We call the B4 a branch instruction because the flow of program execution takes one branch of a fork when B4 is executed. That is, depending somehow on the "I" key, the computer either takes the next instruction in sequence, or it starts executing instructions from some other part of memory. The exact place in memory where it goes for that next instruction is defined in the byte immediately following the opcode, and the two bytes together are one instruction.
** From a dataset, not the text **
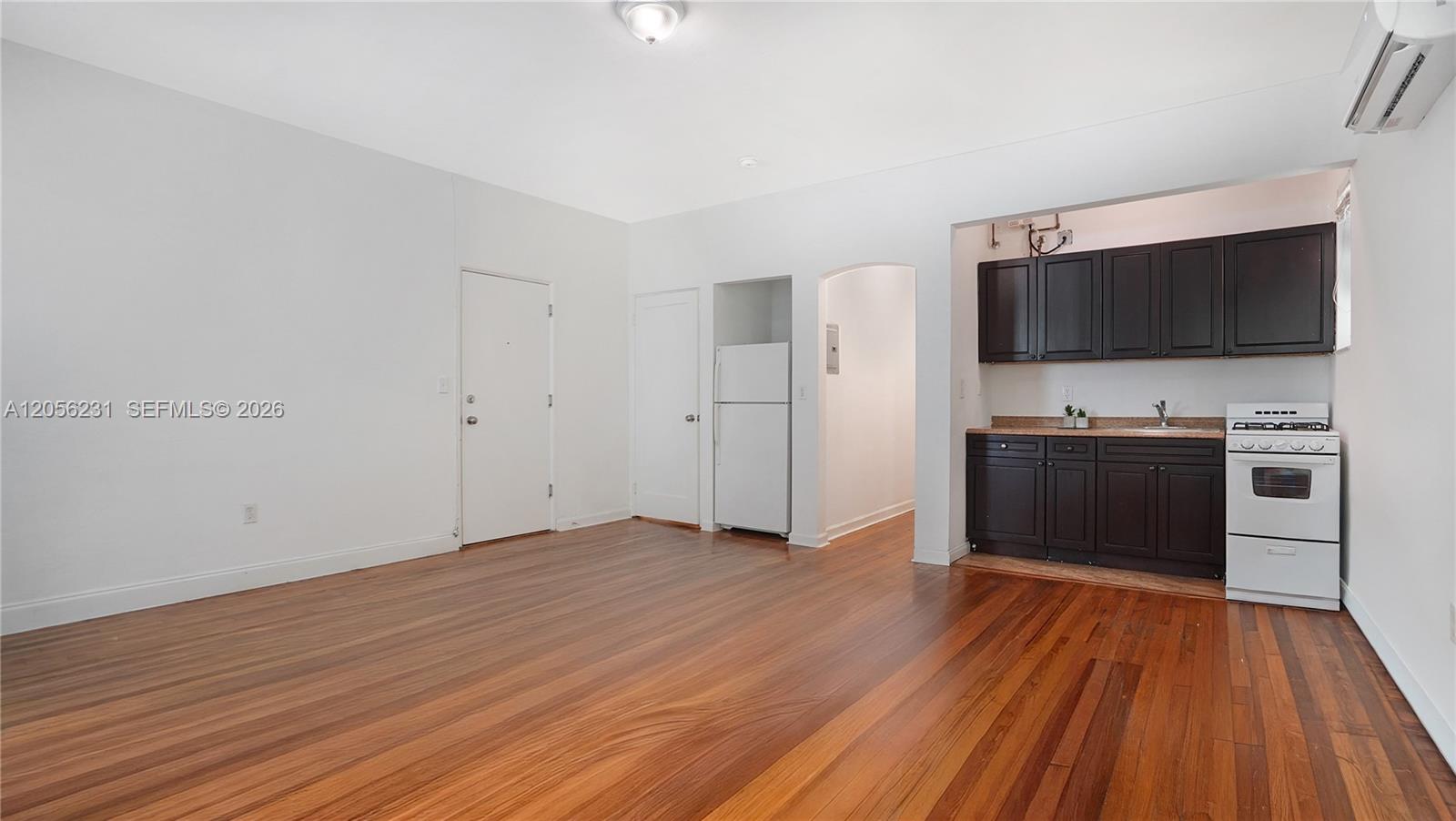 Ver detalles / sq. ft. $ 2026-07-19 0 foto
We also say that the B4 instruction is an Input instruction, because it causes the internal memory of the computer to change depending on conditions external to the computer itself. In this case the memory that is changed is the Program Counter register. The external condition that the 1802 sees is called EF4 (for External Flag 4). If you look on the schematic for the ELF II computer, you will see that the "I" key is connected (somewhat indirectly) to the EF4 pin on the CPU. As you might guess, there are also EF1, EF2 and EF3 pins, but on the basic ELF II some of these are not connected to anything, and others are hard to observe. I hope you can assume that B1, B2, and B3 work the same way as B4, but look instead at their own EF lines.

We say "the branch is taken" when the address is used to determine the location in memory of the next instruction. You will recall that the PC is actually a 16-bit register, but there are only 8 bits in the address part of the B4 instruction. We cheat a little bit here; the low 8 bits of the PC get replaced by the branch address, and the high 8 bits are left unchanged. Later in this chapter we will look at branch instructions that replace the entire PC with a new address.
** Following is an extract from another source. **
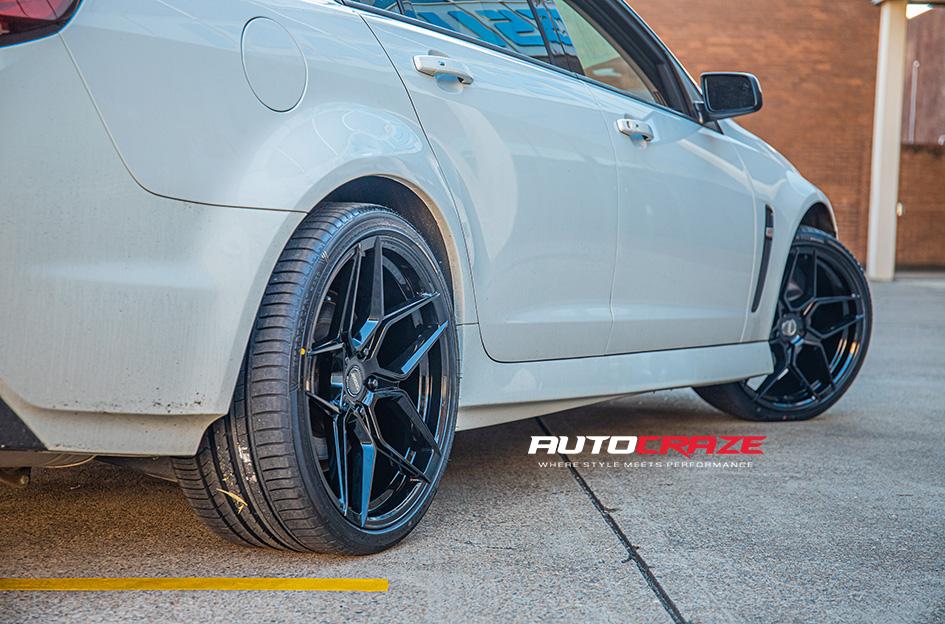 HOLDEN COMMODORE VF LEMANS GLOSS BLACK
All of the conditional branches in the 1802 have a matched set of branches which test for the reverse condition. In other words, instead of testing for EF4 true as B4 does, we can also test for EF4 false. If you want to see how this works, put program 3.5 or 3.6 back into the computer, but change the 37 to 3F and see how it runs differently. As you become familiar with the 1802 instruction set, you will discover that the branch instructions are paired in such a way that the true version differs from the false version in only one bit position of the opcode; that bit is 0 for the branch if true, 1 for the branch if false.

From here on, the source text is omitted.